_Material shown:_

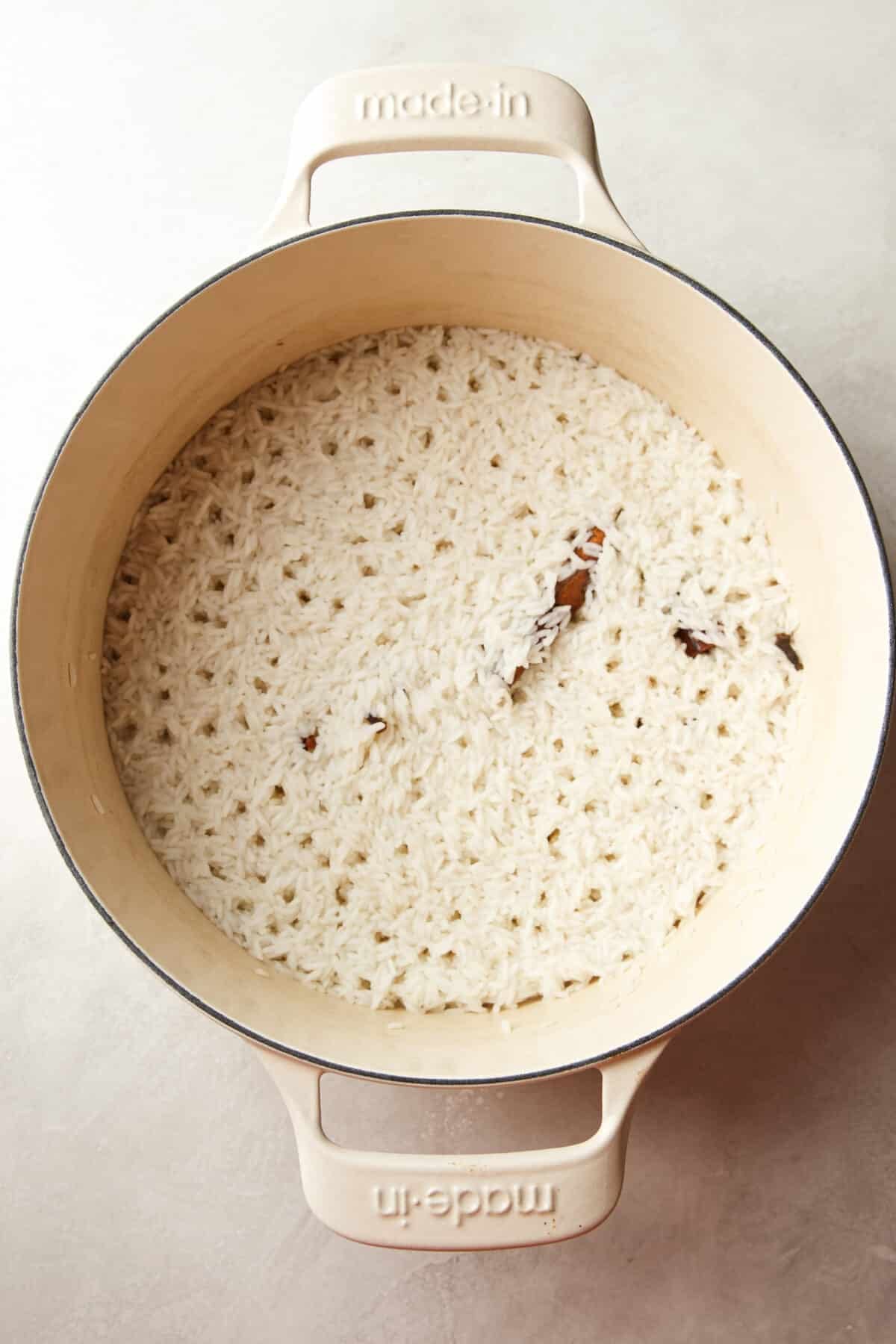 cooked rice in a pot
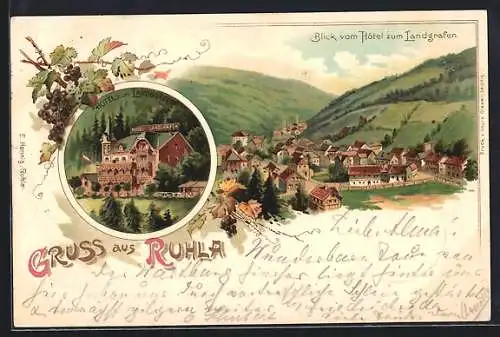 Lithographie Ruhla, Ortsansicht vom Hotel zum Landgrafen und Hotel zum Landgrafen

--

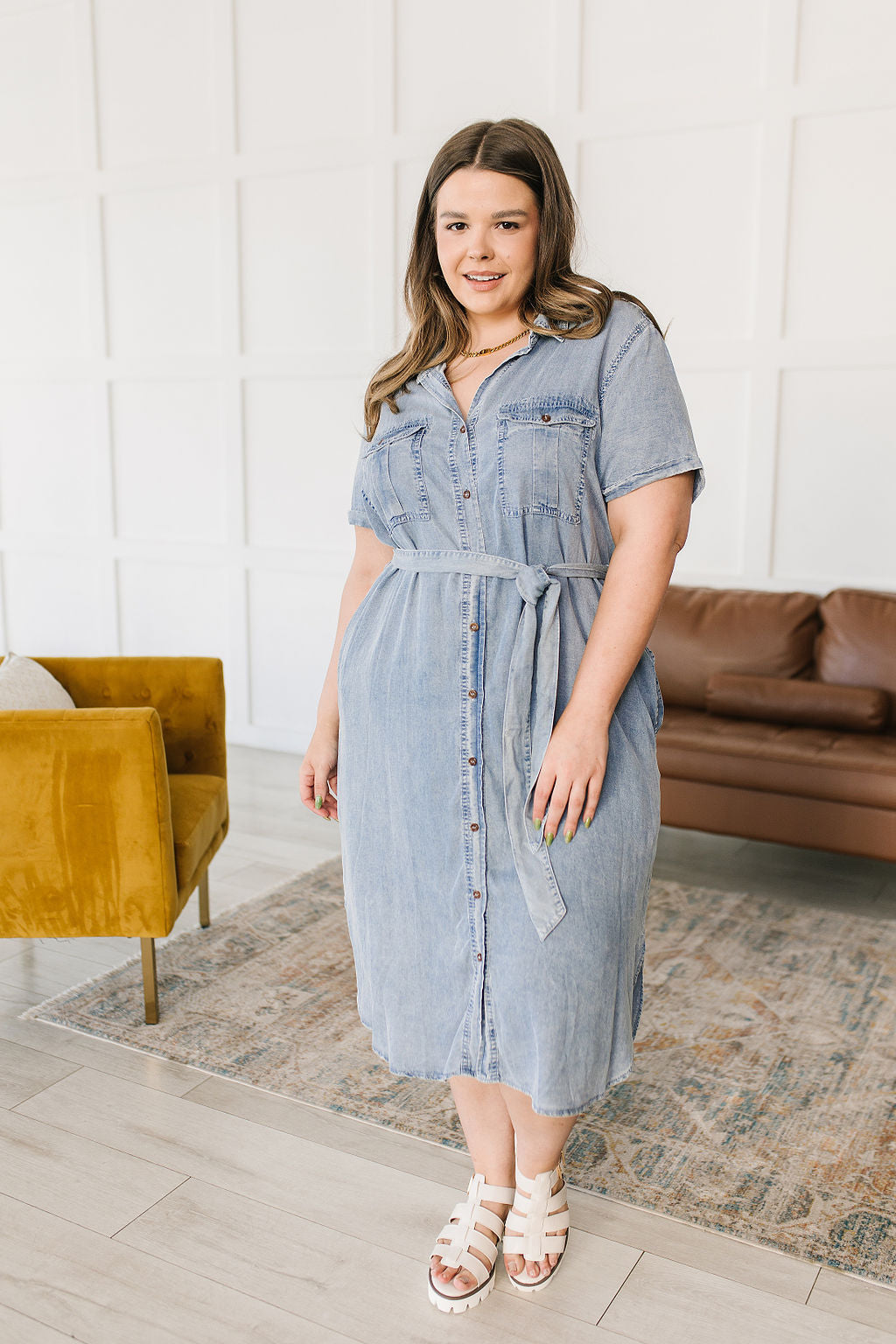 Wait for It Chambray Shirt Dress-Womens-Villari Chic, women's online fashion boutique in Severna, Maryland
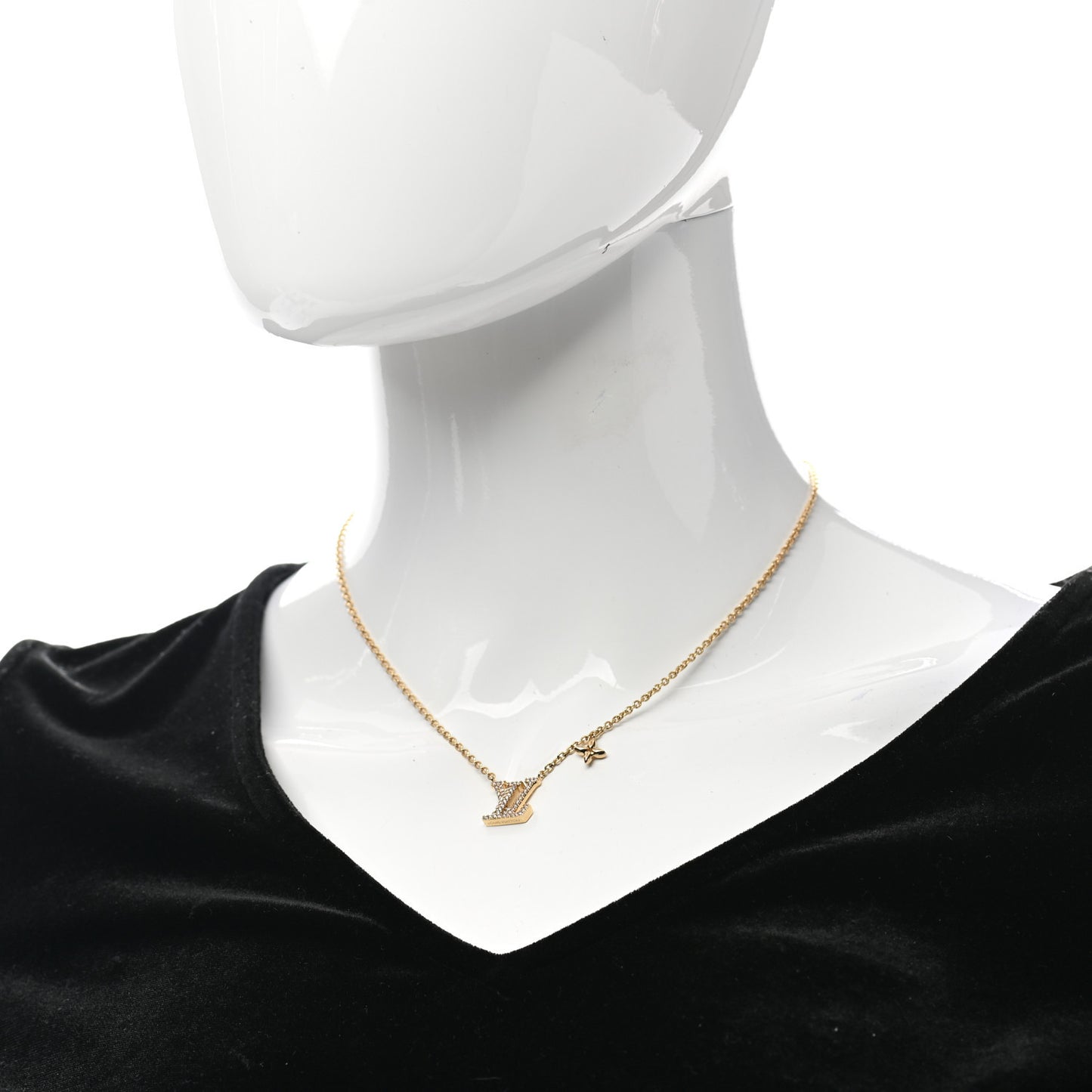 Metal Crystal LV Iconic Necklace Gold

...

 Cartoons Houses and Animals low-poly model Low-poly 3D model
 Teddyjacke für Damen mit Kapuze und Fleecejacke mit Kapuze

_Assignment:_
Once the line with "Wait for It" is found above, print it and every line after it through the line with "Metal Crystal LV Iconic Necklace Gold", exactly. Pictures stay out.

_Written solution:_
 Wait for It Chambray Shirt Dress-Womens-Villari Chic, women's online fashion boutique in Severna, Maryland
 Metal Crystal LV Iconic Necklace Gold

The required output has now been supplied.